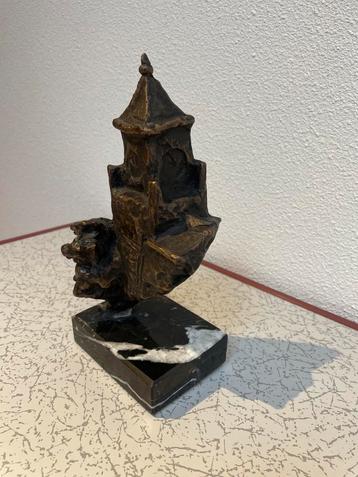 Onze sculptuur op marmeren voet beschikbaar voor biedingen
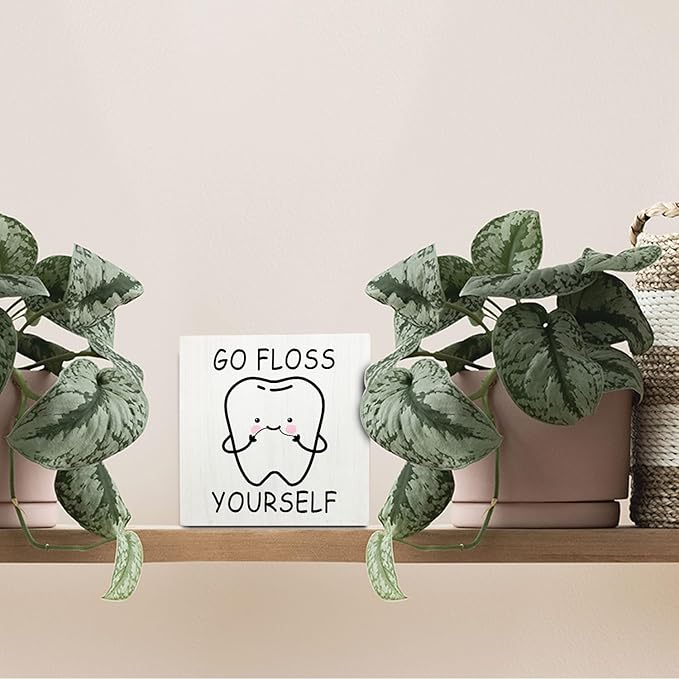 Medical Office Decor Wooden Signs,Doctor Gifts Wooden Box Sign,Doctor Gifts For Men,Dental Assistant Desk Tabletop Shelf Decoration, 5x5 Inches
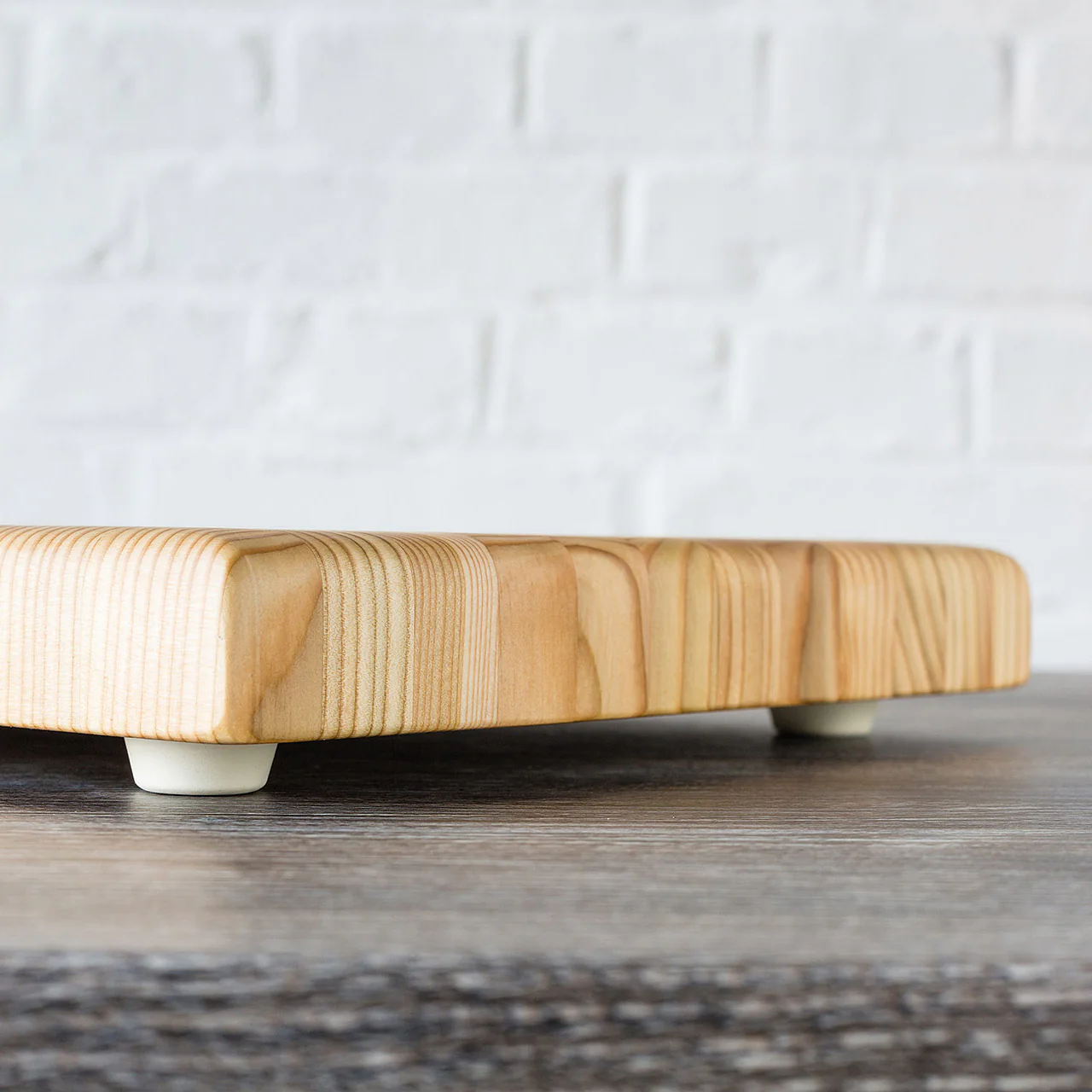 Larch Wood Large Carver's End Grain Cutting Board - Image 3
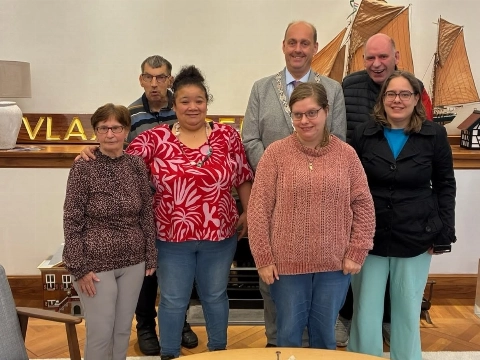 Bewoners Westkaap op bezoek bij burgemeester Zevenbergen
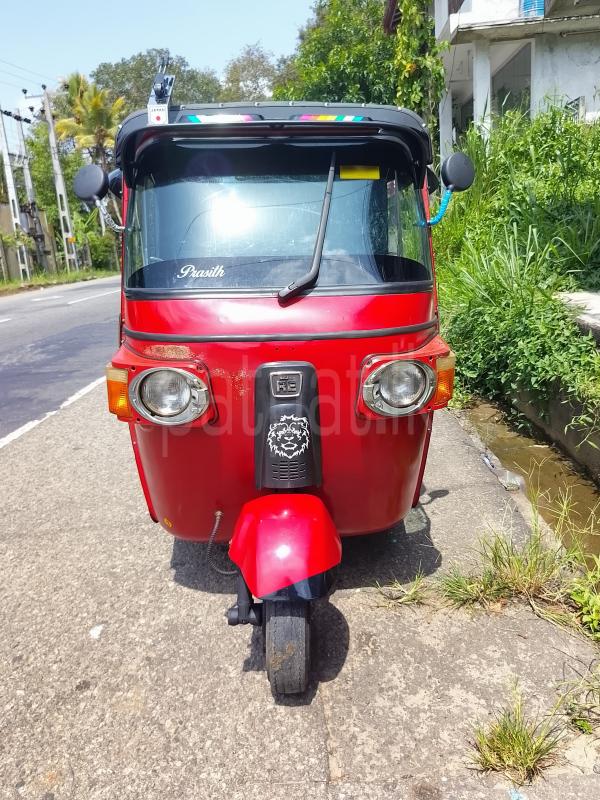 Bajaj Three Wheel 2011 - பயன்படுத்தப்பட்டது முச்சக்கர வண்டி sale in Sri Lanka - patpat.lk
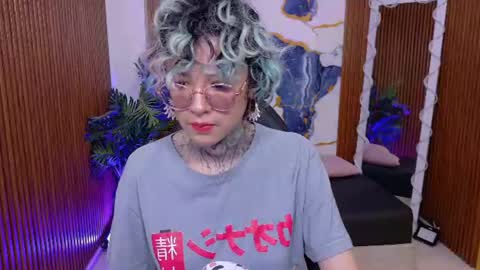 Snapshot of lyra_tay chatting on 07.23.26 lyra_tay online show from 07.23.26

═══

Work item ▸ For this exercise, reproduce the data above exactly from the line containing "Bewoners Westkaap op" through its final line, both ends included, with no pictures in the copy.

Your response ▸
 Bewoners Westkaap op bezoek bij burgemeester Zevenbergen
 Bajaj Three Wheel 2011 - பயன்படுத்தப்பட்டது முச்சக்கர வண்டி sale in Sri Lanka - patpat.lk
 Snapshot of lyra_tay chatting on 07.23.26 lyra_tay online show from 07.23.26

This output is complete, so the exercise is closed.